Amadeo Cobas
Es muy atrevido Francisco Castro. Mucho, porque ya desde el principio de esta obra, en una introducción que hace, integrada dentro de la narración, suelta lindezas como que se pueden hacer cosas mejores que escribir: dormir. Y adornándose de este jaez logra restar protagonismo al oficio de escritor, aunque sin dejar de valorarlo, de reconocerlo, nada más y nada menos que afirmando «los escritores escribimos para vivir y para poder sentir, experimentar y hacer en el papel todo lo que no sentimos, experimentamos o hacemos en la realidad». Resumiendo, este letraherido, si en la segunda página del cuerpo de la novela es así de rotundo, concedámosle el beneficio de haber logrado su propósito, siguiendo a Borges, autor a quien cita con reiteración: provocar. Porque en esta introducción se gasta una retranca gallega aguda en doble acepción: afilada porque de verdad hiere, e inteligente porque inserta verdades (a veces) inconfesables, burlándose un poco, en ocasiones muchísimo, de la autocomplacencia que nos gastamos los que nos dedicamos a esto de la creación literaria y de lo que la rodea: «los manuales de literatura (esos libros inservibles)»…
Cuando nos introducimos en la novela, visto el prólogo, no sorprende el intervencionismo del narrador, que no deja en paz al lector aportándole artificio literario a la par que justificación de su proceder, mezclando vivencias personales del autor con la historia del protagonista, Ricardo. ¿Su alter ego? ¿Él mismo? Hasta Francisco Castro deja entrever esta posibilidad. Es ésta una novela que plasma su resultado y que aúna con detallismo (excesivo) el proceso de gestación; es decir, muestra la criatura nacida a la sazón que las intimidades que han desembocado en este parto. Es una novela vestida que desnuda sin pudor la estructura literaria creadora.

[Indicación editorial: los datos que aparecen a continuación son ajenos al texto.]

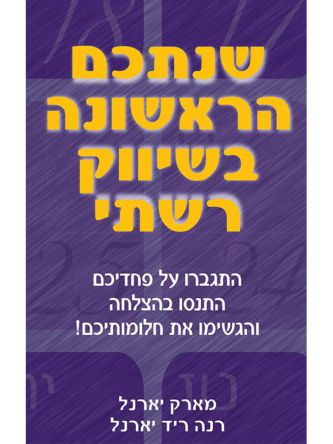 שנתכם הראשונה בשיווק רשתי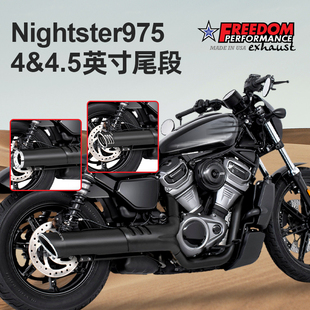 Freedom哈雷RH975夜行者Nightster改装4.5英寸排气管尾段黑色电镀
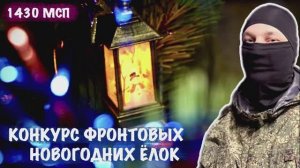 КОНКУРС ФРОНТОВЫХ НОВОГОДНИХ ЁЛОК : 1430-й мотострелковый полк, военкор Марьяна Наумова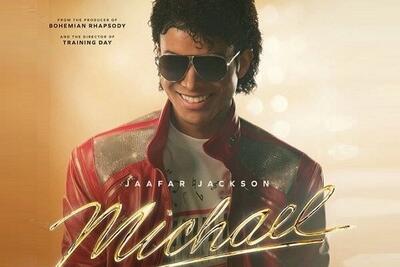  فیلم Michael 2 در راه است؛ فیلم‌برداری دنباله زندگی‌نامه مایکل جکسون از ۲۰۲۶ آغاز می‌شود
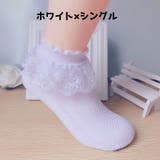靴下 ソックス 子供用 | PlusNao | 詳細画像10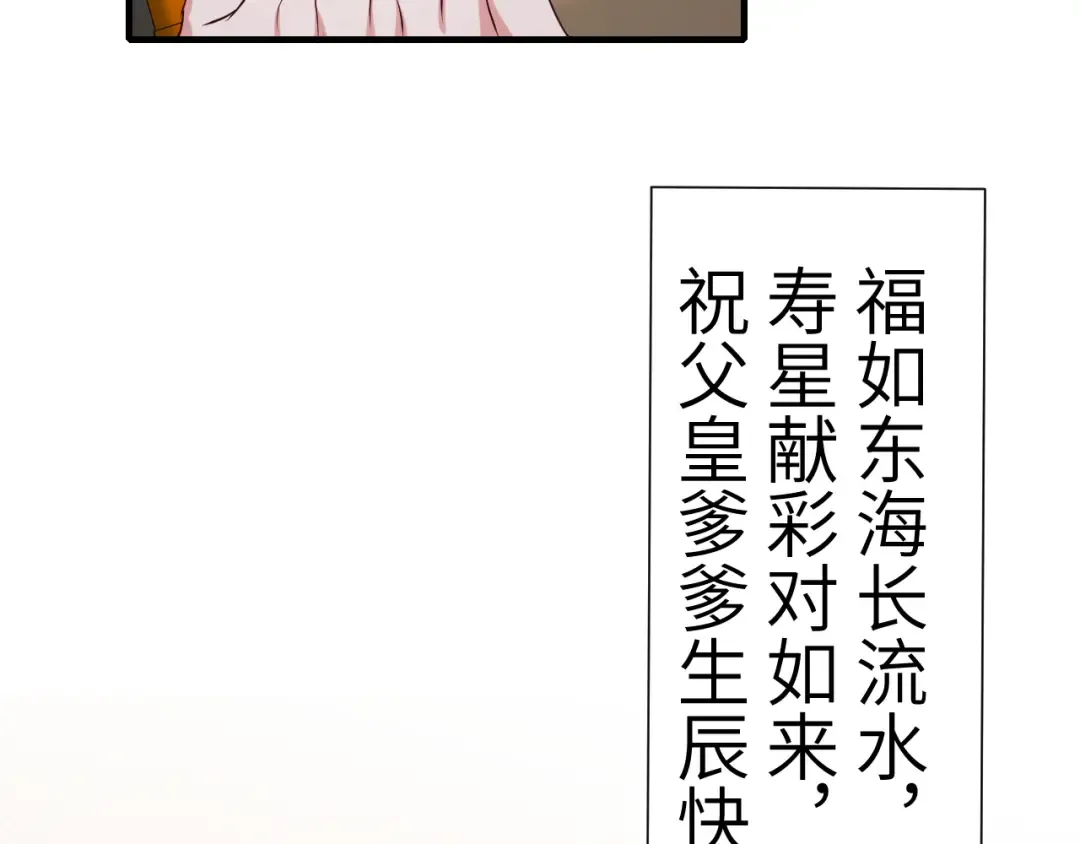 第109话 他很宠这丫头？ 第70页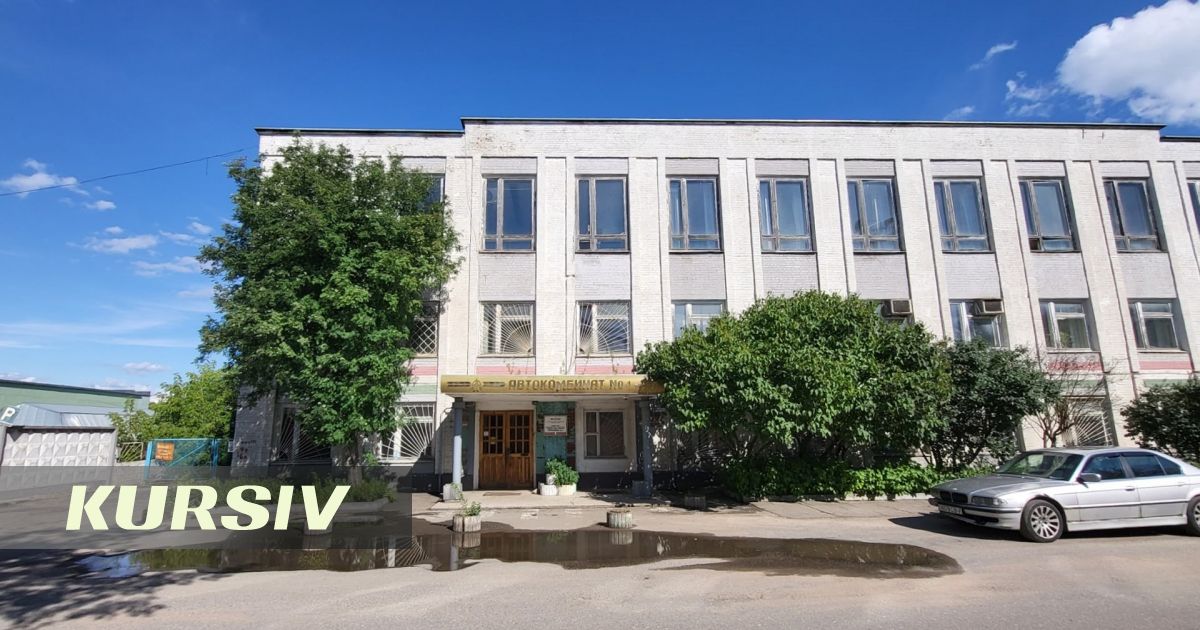 Казахстанка заработала 50 млн тенге на автокомбинате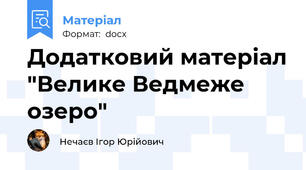 Додатковий матеріал "Велике Ведмеже озеро"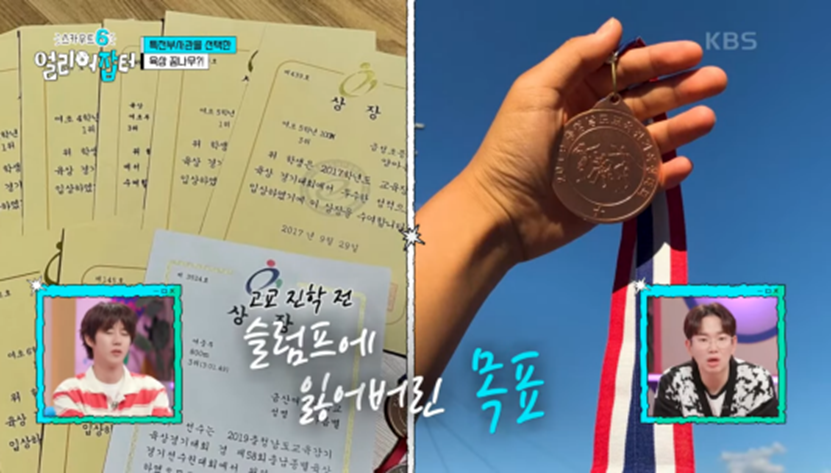 처음 보는 사람은 다소 충격적이라는 대량 출혈 부상자 지혈하는 방법 | 인스티즈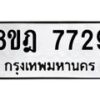 รับจัดหา ทะเบียน 7729 หมวดใหม่ 8ขฎ 7729 ทะเบียนมงคล ผลรวมดี 40 - OK0928-8ขฎ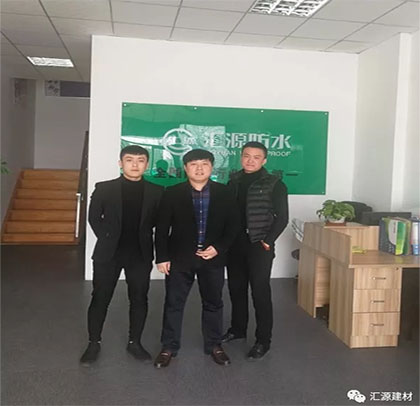 超凡国际 
不一样不一样，在汇源防水有这样一只钢铁之师
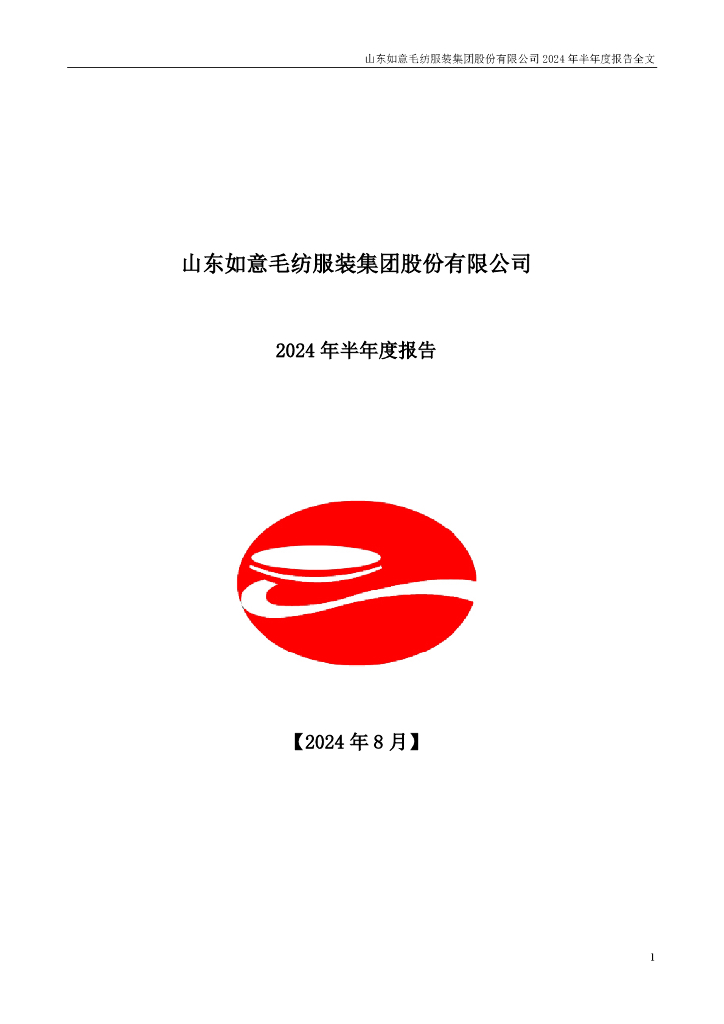 002193-如意集团：2024年半年度报告(更正后)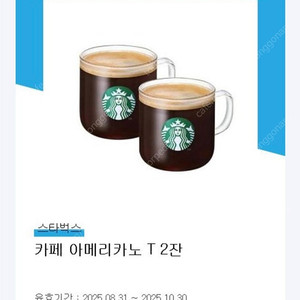 스타벅스 아메리카노 2잔 + 아메리카노 사이즈업 쿠폰 판매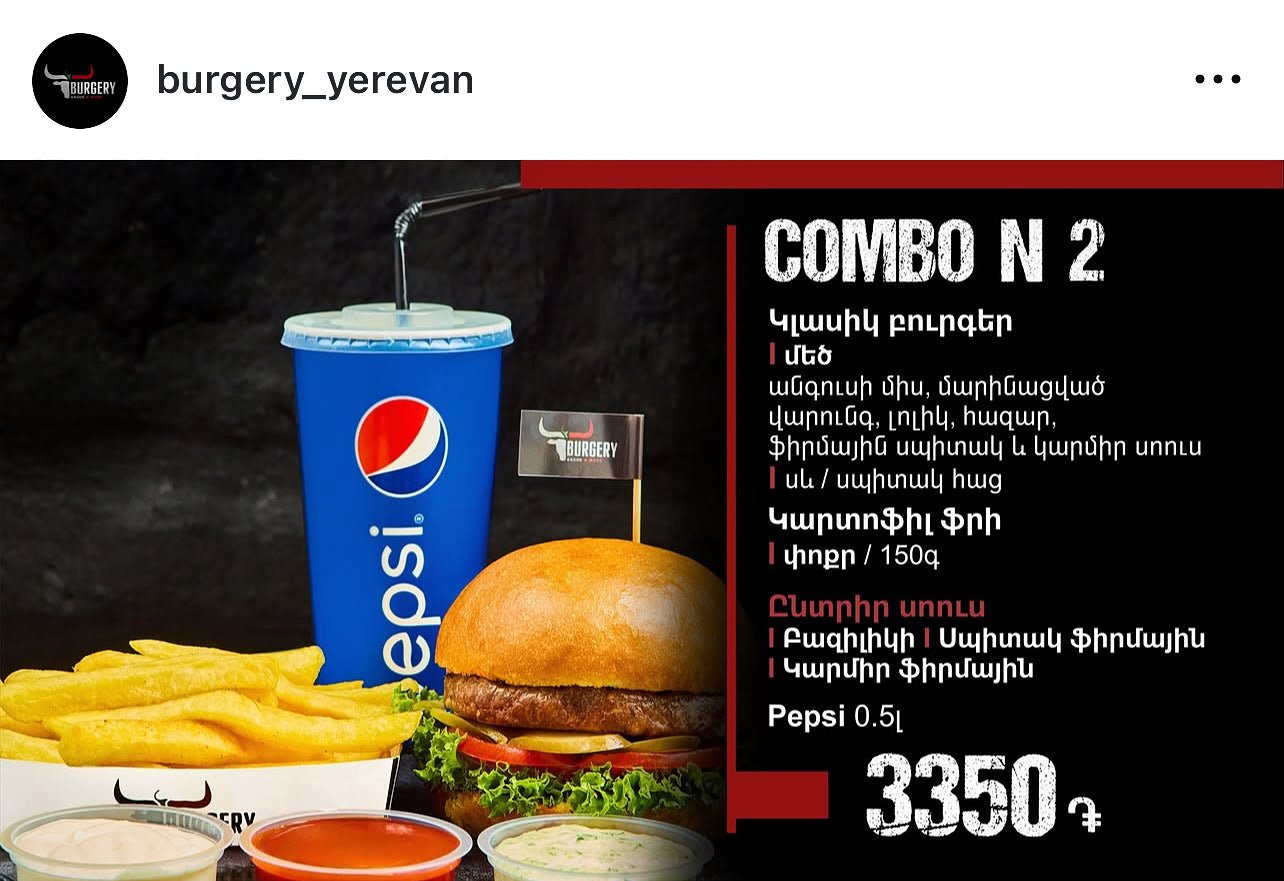 Burgery restaurant 17.jpg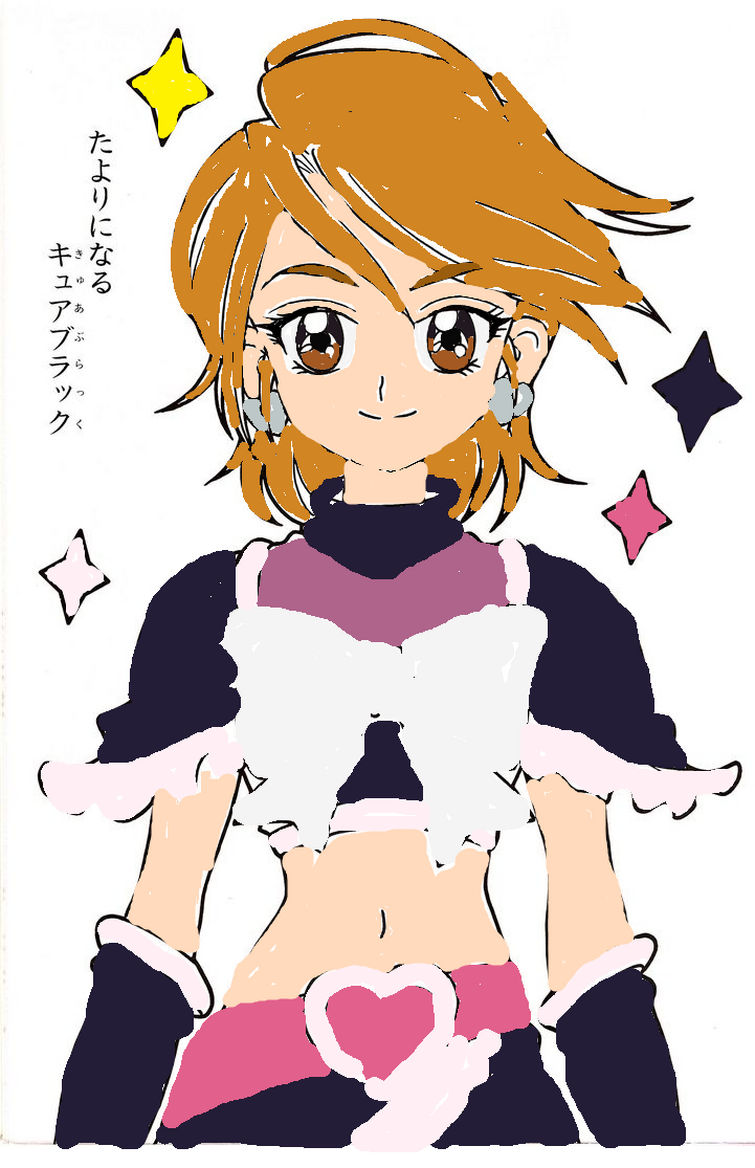 Fandom Image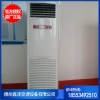 5P立柜式風機盤管 水空調 水溫水暖水冷家用井水空調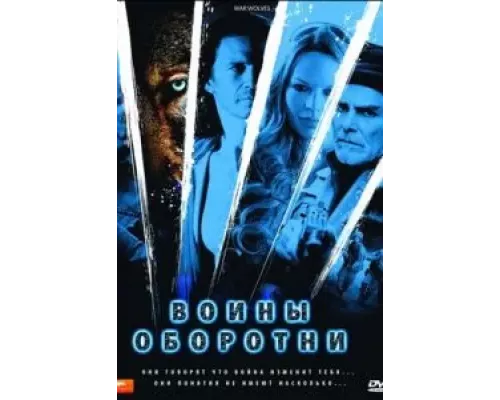 Воины-оборотни (фильм 2009) смотреть онлайн - ЛордФильм Воины-оборотни (фильм 2009) смотреть онлайн - ЛордФильм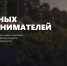 Тюмень задаёт вектор развития креативной экономики - Департамент по спорту и молодежной политике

Casi podríamos decir que esta novela es un manual sobre cómo escribir una novela, desentrañando como desentraña aquí el escritor los entresijos, vericuetos y recursos de los que ha de valerse quien aspire a volcar sus experiencias vitales («su vida», como seguro que acotaría de este modo el autor, burla burlando), sus anhelos o imposibles para convertirlos en ficción literaria. Léanlo si es así, y disculpen las intromisiones del narrador, saramaguianamente desmenuzador, en la planicie que de otro modo hubiera sido la obra: los gallegos a veces somos un tanto retorcidos. Les garantizo que si les engancha irán pasando páginas y la sonrisa caminará de su lado. A veces, es cierto, una sonrisa triste, desvestida y salpicada de realidad cotidiana.
Hay restos de carmín de color sociológico diseminados entre los párrafos o, por mejor precisar, antisociología; o una muy particular, que entronca en la filosofía cuando augura: «hay que olvidar lo aprendido en la escuela para poder ser felices». ¡Casi nada!
Suenan los ecos de los ochenta: la movida madrileña y la movida viguesa, canciones inigualables, cantantes injubilables, juegos cacofónicos buscados aposta, un sinnúmero de citas literarias, autores de referencia, droga y rock´n´roll, mucha mucha policía. Todo esto se pasea por aquí.
Ah, igual se preguntan qué se cuenta en esta novela, si es que se cuenta algo. En efecto, algo cuenta Francisco Castro, algo trágico: cómo el consumo de heroína aplastó a media generación de jóvenes en un barrio de Vigo.
El fondo es muy crudo, de ahí la acertada fórmula que gestiona el autor para trasladárnoslo.